How many people do you see each day who you will never see again? Hollow Bodies’ sixth album finds poetry inside of a regular commute. Over the course of 9 story songs the Seattle rockers survey Sisyphean lawn-enthusiasts and powerpoint presentations gone wrong to help you survive your nine to five.

Not that this  Seattle-based trio forces their disaffection upon the listener.
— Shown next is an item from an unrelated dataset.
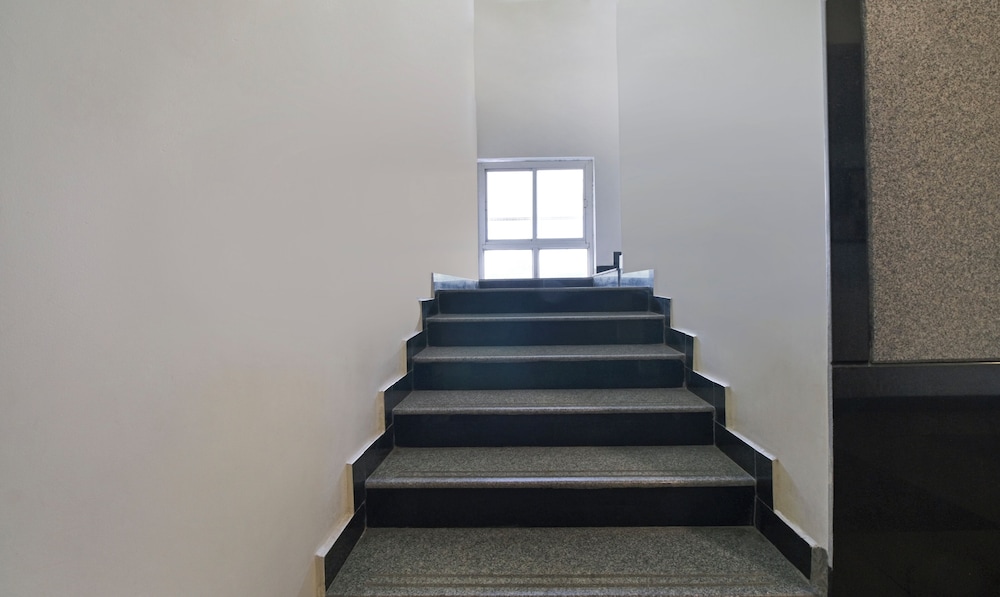 treebo trip n square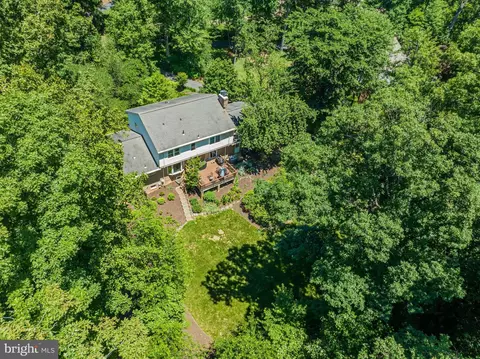 View/Area - 12007 Turf Ln, Reston, VA 20191 photo 2 of 2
For theirs is a more subtle approach that persuades you of the pertinence of their disaffection and forgoing obvious melancholy with the justaposition of fuzz, jangle riffs, and a sound reminiscent of mid-2000s alt-rock greats such as Elbow, Interpol, and Idlewind  in Set Of It All, Hold Onto Midnight and Adrift all of which are engulfed by the beauty of Anand Balasubrahmanyans’ vocal delivery that is very reminiscent of Paul Heaton’s immaculate sweetness.
In fact, the blue-collar everyman feel of one of Heaton’s acts, The Housemartins, is heard in the incessant drive and playfulness of tracks best represented by Battery Park Wallflower, Instinct, and Bronze, which are the sort of adult-pop tracks that tick every earworm box imaginable.
If you have not succumbed to the joys and possibilities of the Hollow Bodies vibe yet, this album is quite probably their finest yet and is a superb place to start that journey.